Assignment – Exact reproduction of the data is required, with images excluded.

Source data –
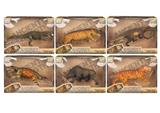 OBL10287420 - Animaltoys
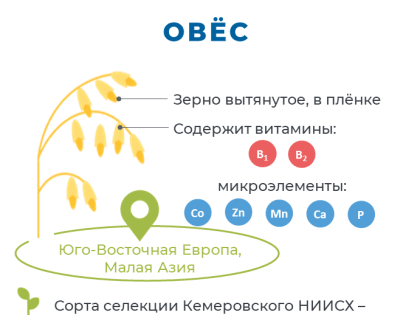 Зерновые культуры Кузбасса: овёс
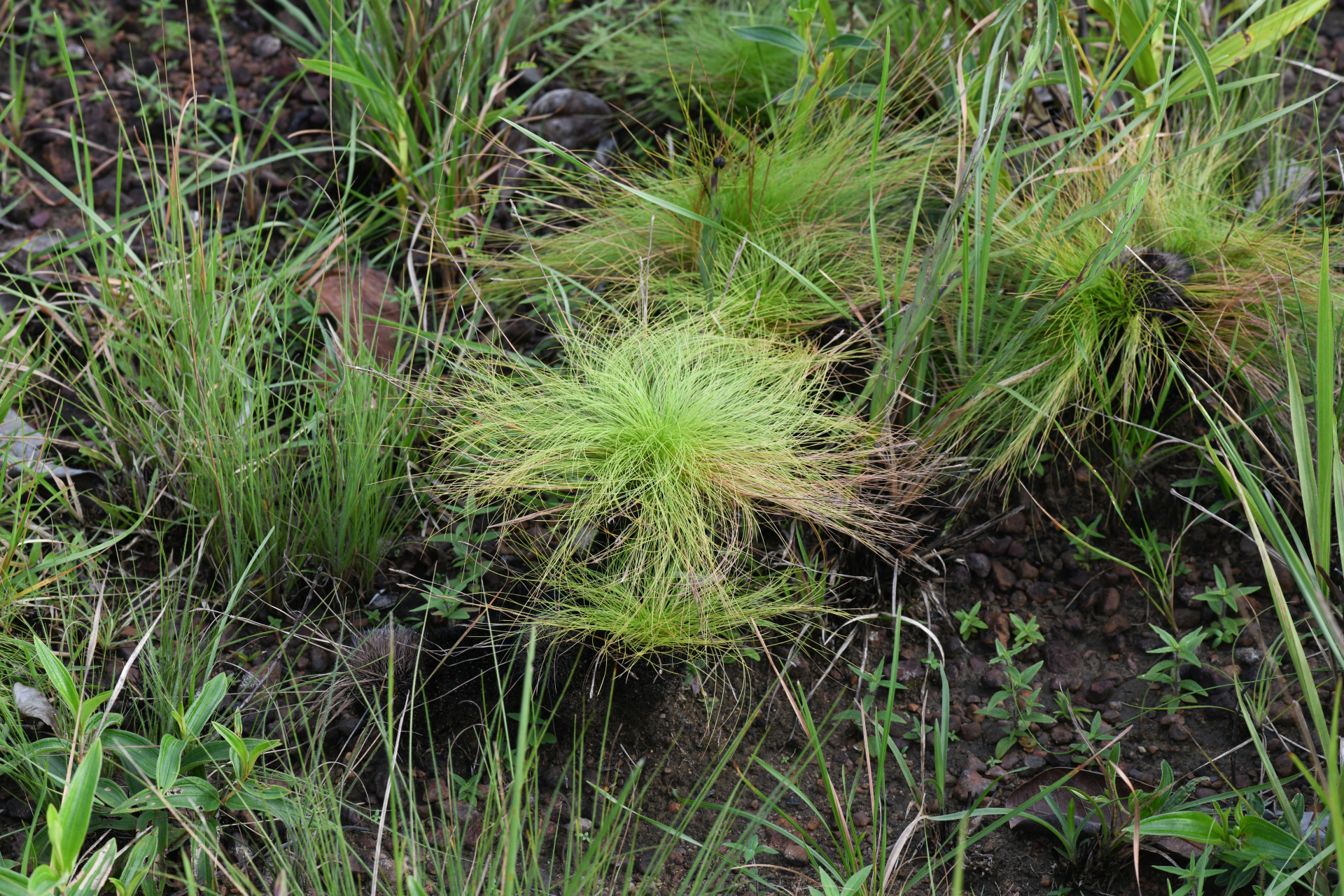 Bulbostylis paradoxa (Spreng.) Lindm. - Photo Bivouac Naturaliste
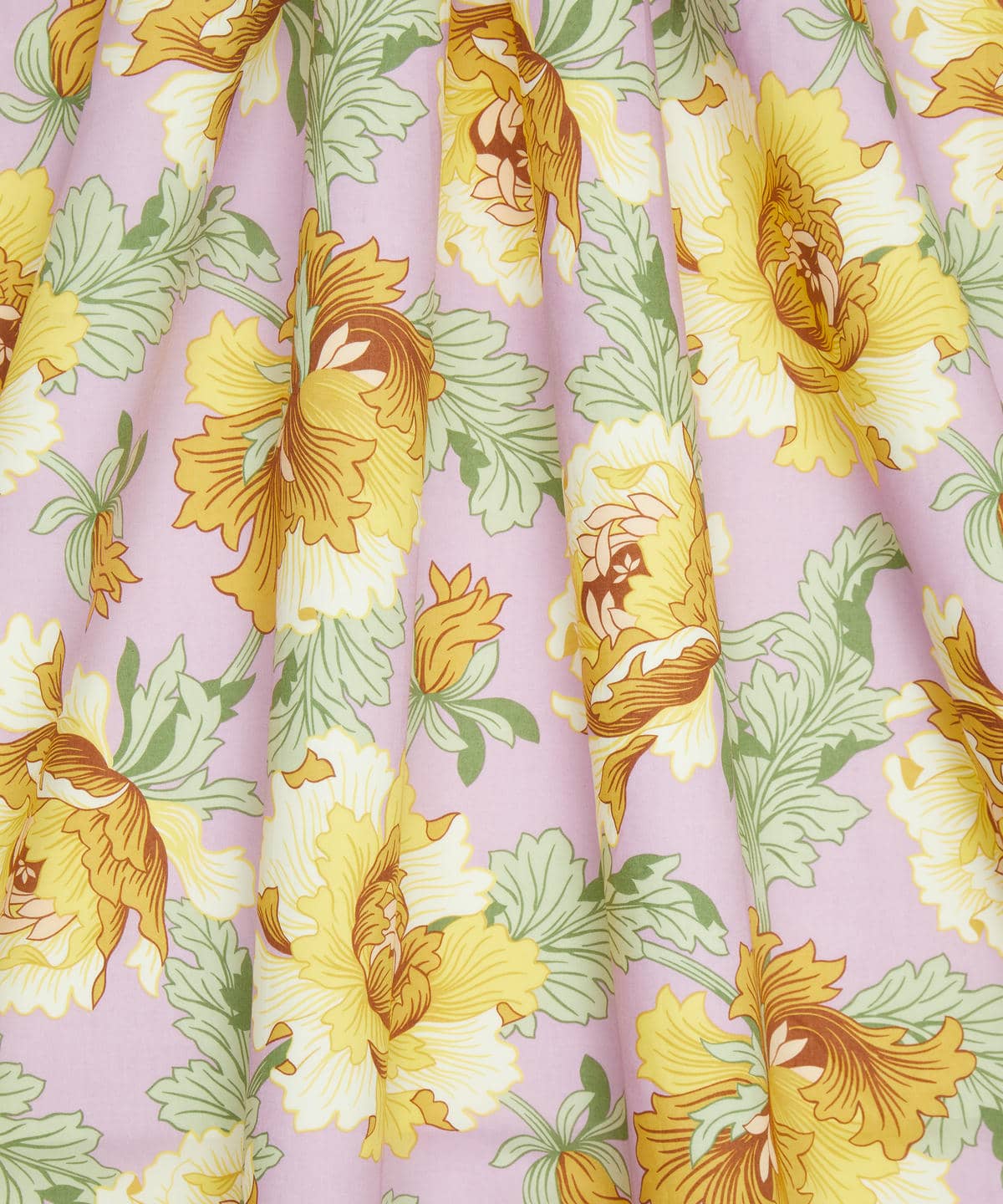 モダン・ダンディ タナローン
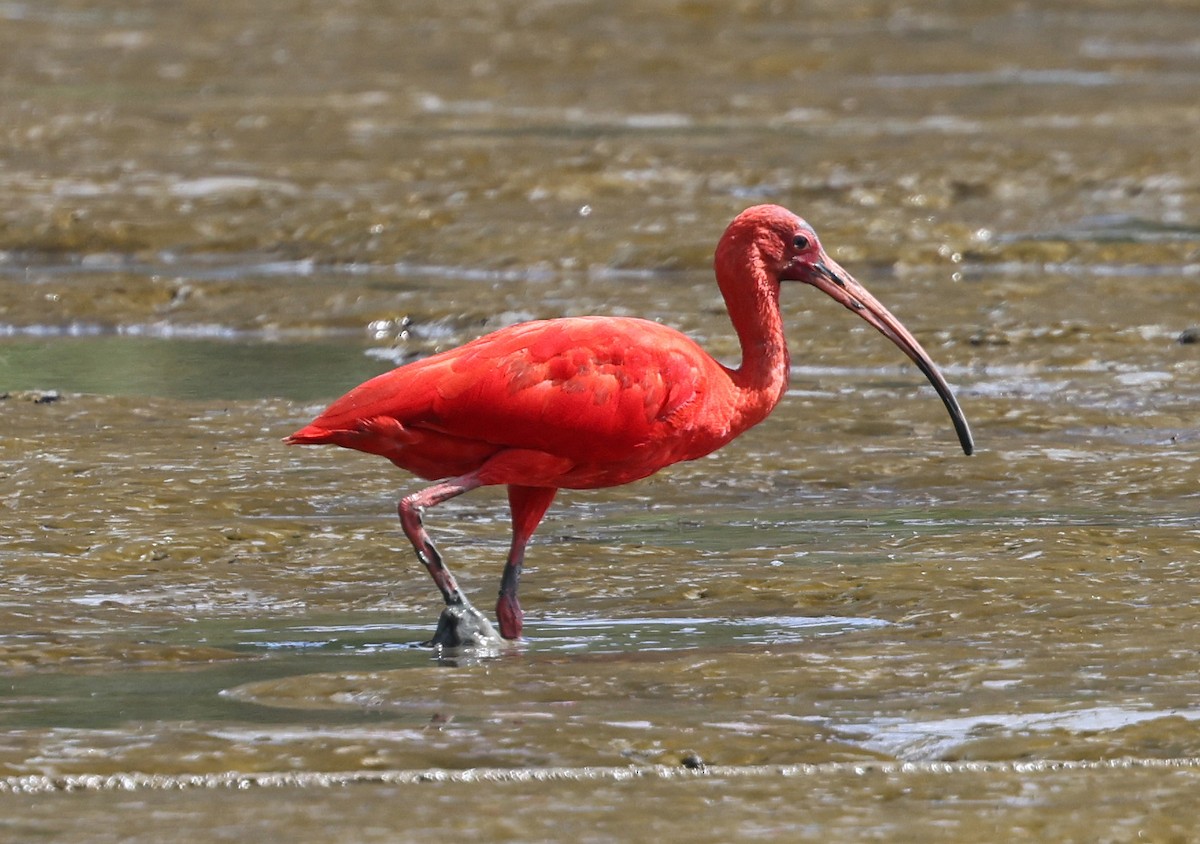 Scarlet Ibis - ML627831876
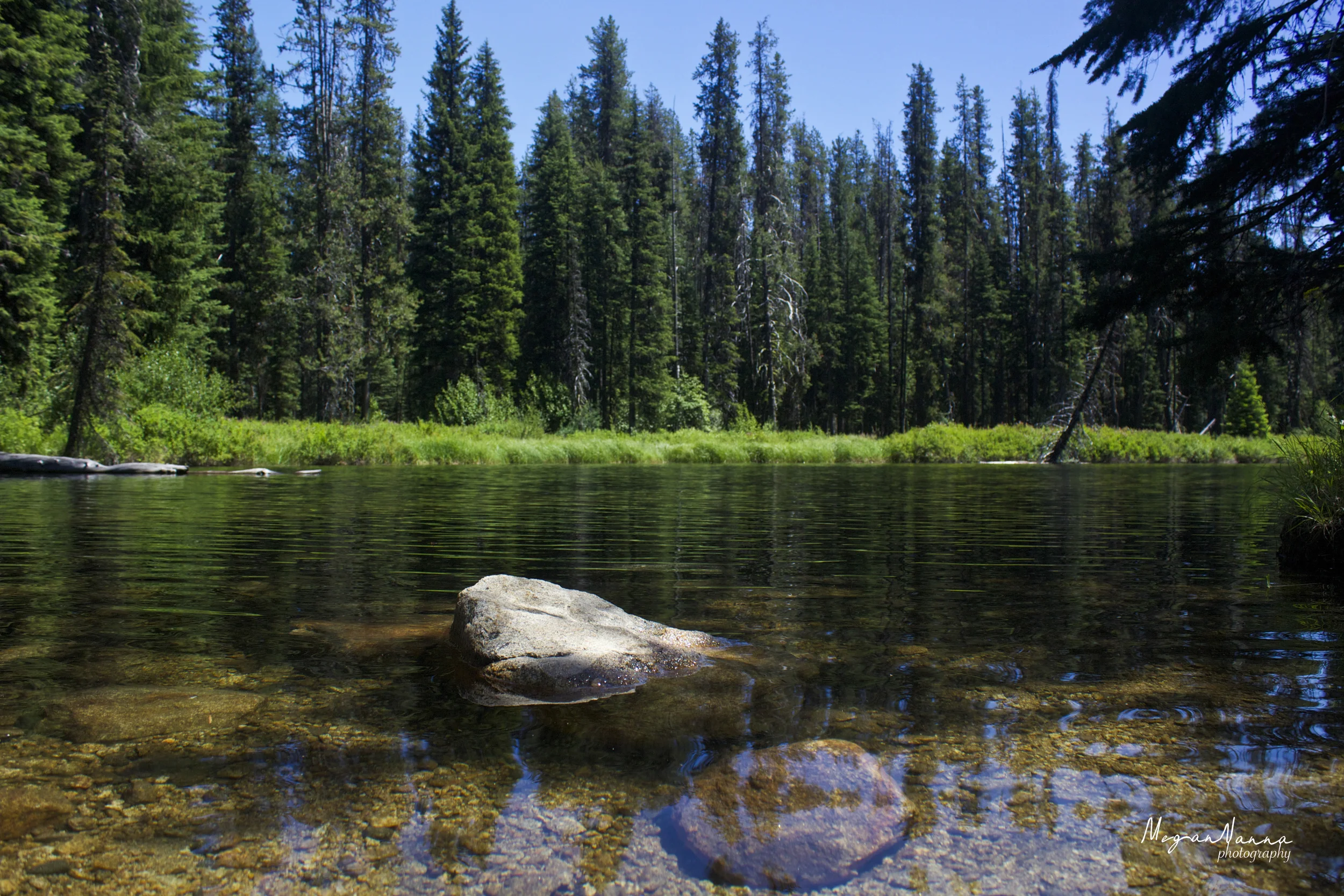 McCall.jpg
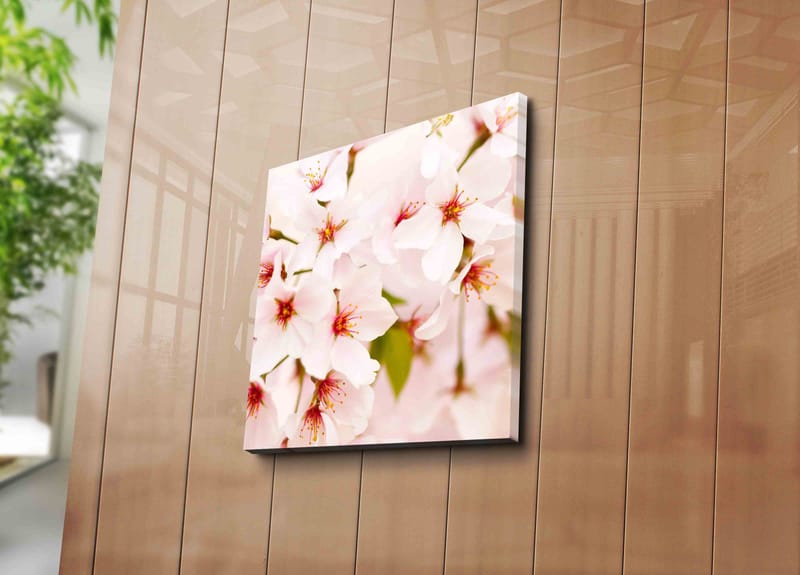 Lerretsbilde 45x45 cm - Blomstrende kirsebærblomster i pastellfarger - Lys rosa / Hvit / Grønn - Innredning - Bilder & kunst - Lerretsbilder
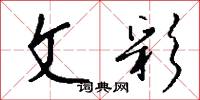 文彩怎么写好看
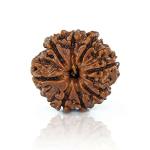 Feel Touch Mart 8 Mukhi Rudraksha Nepal Bead by Lab Certified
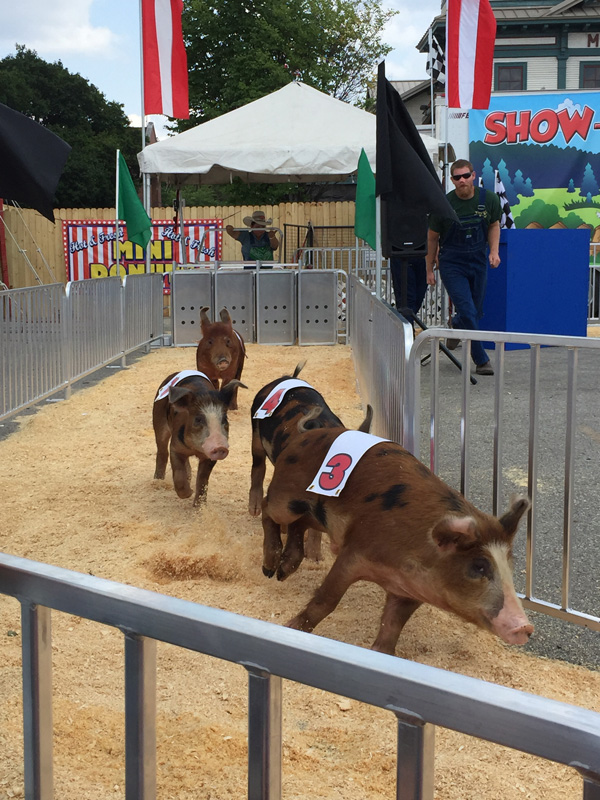 Bev Shaffer - Do Not Let What You Cannot Do - Ohio State Fair Pig Races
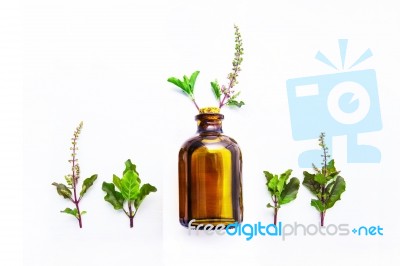 Holy Basil Essential Oil In A Glass Bottle With Fresh Holy Basi… Stock Photo Holy Basil Essential Oil In A Glass Bottle With Fresh Holy Basi… Stock Photo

Your solution –
 OBL10287420 - Animaltoys
 Зерновые культуры Кузбасса: овёс
 Bulbostylis paradoxa (Spreng.) Lindm. - Photo Bivouac Naturaliste
 モダン・ダンディ タナローン
 Scarlet Ibis - ML627831876
 McCall.jpg
 Lerretsbilde 45x45 cm - Blomstrende kirsebærblomster i pastellfarger - Lys rosa / Hvit / Grønn - Innredning - Bilder & kunst - Lerretsbilder
 文彩怎么写好看
 Feel Touch Mart 8 Mukhi Rudraksha Nepal Bead by Lab Certified
 Bev Shaffer - Do Not Let What You Cannot Do - Ohio State Fair Pig Races
 Holy Basil Essential Oil In A Glass Bottle With Fresh Holy Basi… Stock Photo Holy Basil Essential Oil In A Glass Bottle With Fresh Holy Basi… Stock Photo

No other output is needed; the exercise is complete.